■ WHAT THE TASK ASKS
Please give the entries again in full and exactly, without any picture.

------ DATASET EXCERPTS

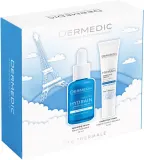 Dermedic Hydrain 3 набор крем для кожи вокруг глаз 15 г + сыворотка для лица 30 мл, увлажняющий уход за лицом и зоной вокруг глаз — фото 1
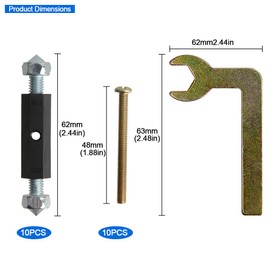 RUIAN 118 Type Switch Socket Cassette Repair, Electrical Box Screws Support Rod Switch Universal Outlet Repairer Wall Mount Switch Box Repair Device with Wrench,10Pcs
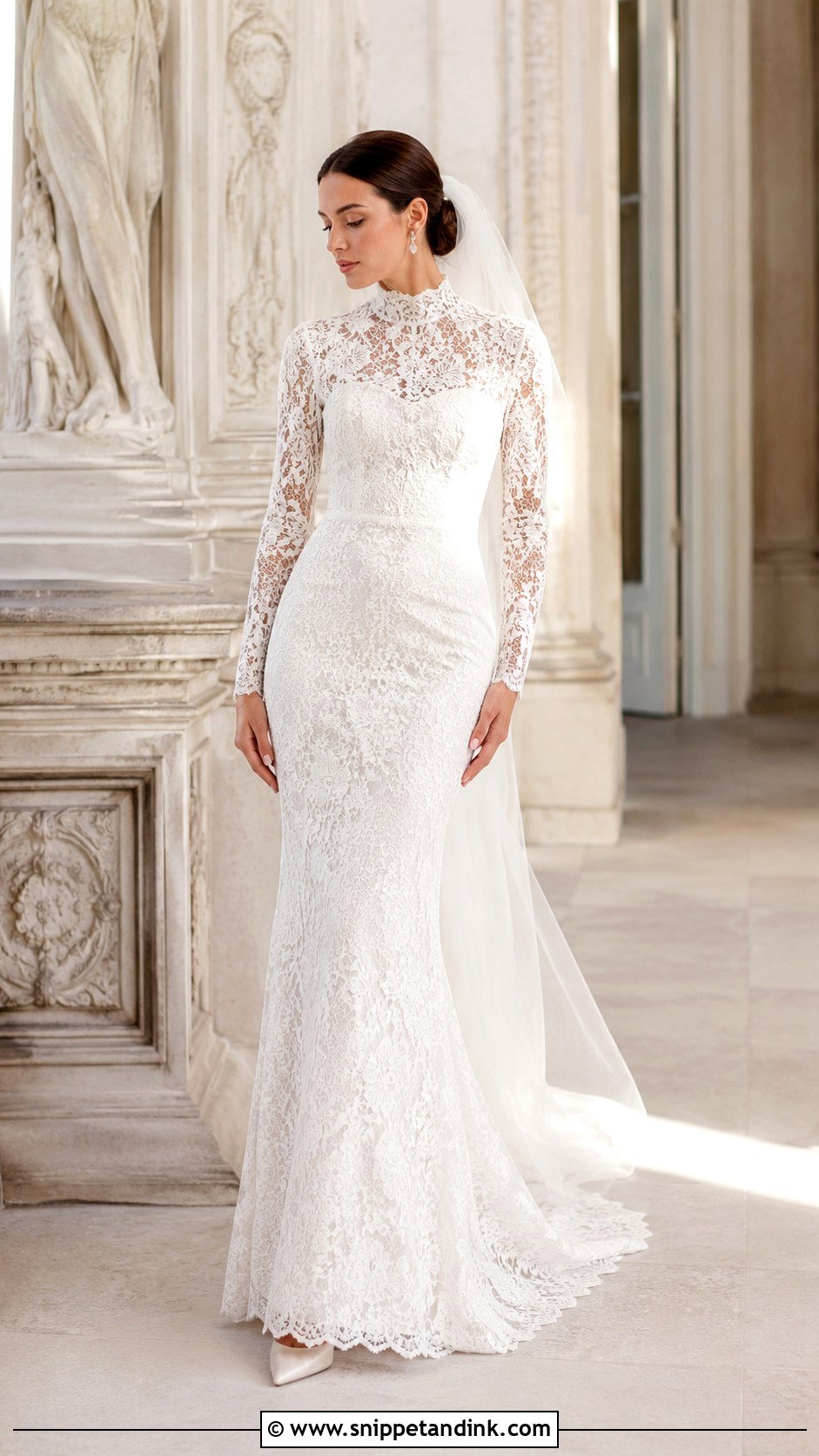 High Neck Wedding Gown - Snippet and Ink - 25 Wedding Gown Inspiration Ideas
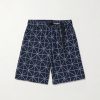 Dojo Easy Wide-Leg Belted Embroidered Denim Shorts Dojo Easy Wide-Leg Belted Embroidered Denim Shorts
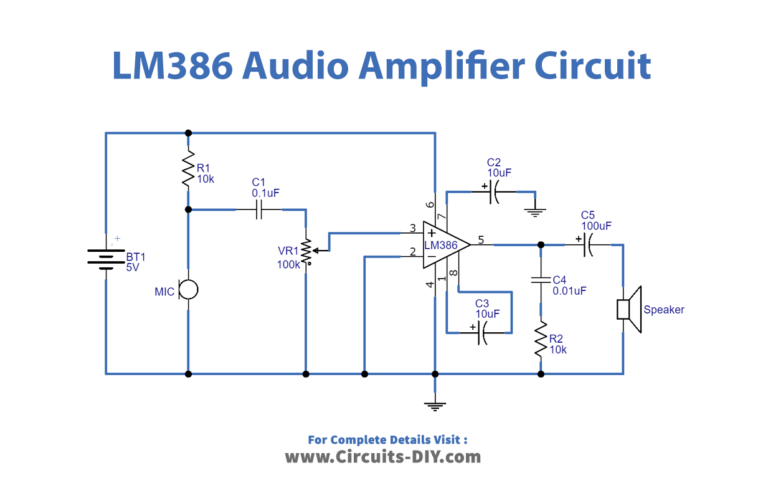 LM386 Audio Amplifier Circuit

------------

■ OUTPUT BELOW
 Dermedic Hydrain 3 набор крем для кожи вокруг глаз 15 г + сыворотка для лица 30 мл, увлажняющий уход за лицом и зоной вокруг глаз — фото 1
 RUIAN 118 Type Switch Socket Cassette Repair, Electrical Box Screws Support Rod Switch Universal Outlet Repairer Wall Mount Switch Box Repair Device with Wrench,10Pcs
 High Neck Wedding Gown - Snippet and Ink - 25 Wedding Gown Inspiration Ideas
 Dojo Easy Wide-Leg Belted Embroidered Denim Shorts Dojo Easy Wide-Leg Belted Embroidered Denim Shorts
 LM386 Audio Amplifier Circuit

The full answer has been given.